Closing the GSOC adding a new optimization ND optimization method, finishing benchmarks and fixing minor bugs

In these last few weeks I mainly worked on:

  1. New optimization methods for multiple dimensions: SOP

  2. Benchmarking surrogates in combination with optimization methods to make sure that everything works properly

  3. Fixing some bugs discovered by point 2 in the new surrogate models introduced during this summer.

Unfortunately, point 3 took the majority of time, hence I could not finish the bonus point: DENSE surrogate. It's no big deal though, given that I will still be working on Surrogates.jl during the next months as I plan to write a paper on it, yay!

SOP ND

This optimization method was not in scope during GSOC, I figured that given I had already implemented the 1D version it could fit as a "good first issue" for newcomers.

Well, I have never been more wrong! First of all, the 1D version needed heavy refactoring to make it understable, on top of that the paper was not very accessible to begin with if someone hasn't the right background.

Many wannabe contributors tackled this without success, so I decided that it was not a good first issue after all. After redirecting them, I took this on.

I spent more time that I care to admit on this, plus I also discovered a two small bugs in the 1D version in the process: win win.

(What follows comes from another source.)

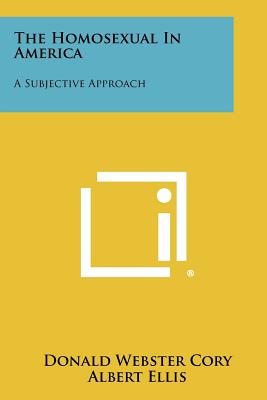 Bild des Verkufers fr The Homosexual in America: A Subjective Approach (Paperback or Softback) zum Verkauf von BargainBookStores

As we can see from the benchmarks, this optimization method can work with every surrogate and while being relatively expensive, it generally leads to very good results:

Let's take a Kriging surrogate and try it!

Before optimization:

After optimization:

So satisfying!

Benchmarks

Writing new surrogate is always incredibly fun, but benchmarking them is crucial: future users need to understand how changing the hyperparameters leads to change in the surrogate, and ultimately to the final fit.

Not only that, there are currently 5 optimization methods: they work very differently and not every one of them is good with every surrogate.

This is showcased with different nasty single dimension functions: take a look at them!

What's to come in the next few months

I have been working with Surrogates.jl and the SciML community for nearly two years now, the experience has been amazing. The work continues though, given that I have always seen the GSOC as a time where I ramp up the development of the library, which never really stops during other months.

I will be mainly working on:

  • Fixing some strange bugs in MARS and GEK surrogate, which make the prediction come out as mostly constant in some cases. I have been investigating this for a while now without much success.

  • Writing more surrogates models, taking some ideas from this library.

  • Attracting new Julia contributors to the library. I like to think that Surrogates.jl has a very understandable codebase, so I feel it could be a very good starting point for people interested in contributing to Julia. Plus, it is still relatively small with an easy workflow. I have been working with 3 or 4 interested students under the MLH framework and I hope to continue with this in the future.

  • Eventually writing a paper on Surrogates.jl. Chris and I have been talking about this a lot and I feel there are a few novel things with the library, but every time something comes up and the process is delayed. Hopefully I will win some grant for this, so that I do not procrastinate :D

That's all for this GSOC, thanks again to community for this amazing experience.